During chlorophyll extraction, a scientist must weaken the cell walls of a green leaf or plant, and then draw the chlorophyll out. Chlorophyll is housed inside each and every cell in green leaves, making it possible for plants to perform photosynthesis. As a liquid, chlorophyll will spill out of the leaves when treated with heat and placed in certain chemicals. This process generally destroys the leaves, so only a few leaves from any living plant should be used, in order to preserve the entire specimen.
Very green leaves typically respond better to chlorophyll extraction than pale green leaves. Spinach, kale, escarole, and any dark green leaves from trees generally work well.

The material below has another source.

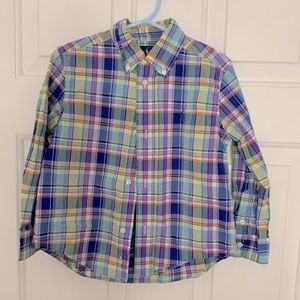 Ralph Lauren Plaid green, purple and blue button-down size 3T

Pale lettuces and fuzzy lamb’s ear don’t usually work as well. The leaves should also be soft. Hard evergreen leaves, like holly leaves or pine needles, don’t usually break down enough to release their chlorophyll. Evergreens have developed many mechanisms for holding onto their resources and don’t generally give them up easily.
When performing chlorophyll extraction, the leaves must be heated and wilted. This may be done in one of two ways. The scientist may steam the leaves by placing them in a sieve over boiling water, or simply immerse them in the water. Steaming wilts and breaks down the leaves without turning them to mush. Some argue that this allows observers to see the extraction more clearly. Those using either cooking method should remove the leaves from heat when they’re very wilted, soft, and pliable.
The next step in chlorophyll extraction involves suspending the leaves in some kind of glass container. Empty baby food jars work well, as do clear glass drinking glasses. The container used for this experiment should not generally be used for food after the extraction is complete.
The scientist then usually bundles the stems of the wilted leaves together and gently knots them with cotton cord. When tied to the center of a pencil, the cord should allow the leaves to dangle in the glass container without touching bottom or the sides. Though this step isn’t necessary, it allows the scientist to remove the leaves from the container to show any color changes that take place after the chlorophyll has been removed.
Rubbing alcohol is the typical liquid of choice during chlorophyll extraction. It draws the chlorophyll out of the leaves and into the liquid. The scientist should simply fill the container to the brim with rubbing alcohol and let the assembly rest for about 20 minutes. The liquid should turn green. When the scientist lifts the leaves out of the liquid, they should be brown because there is no more chlorophyll in them.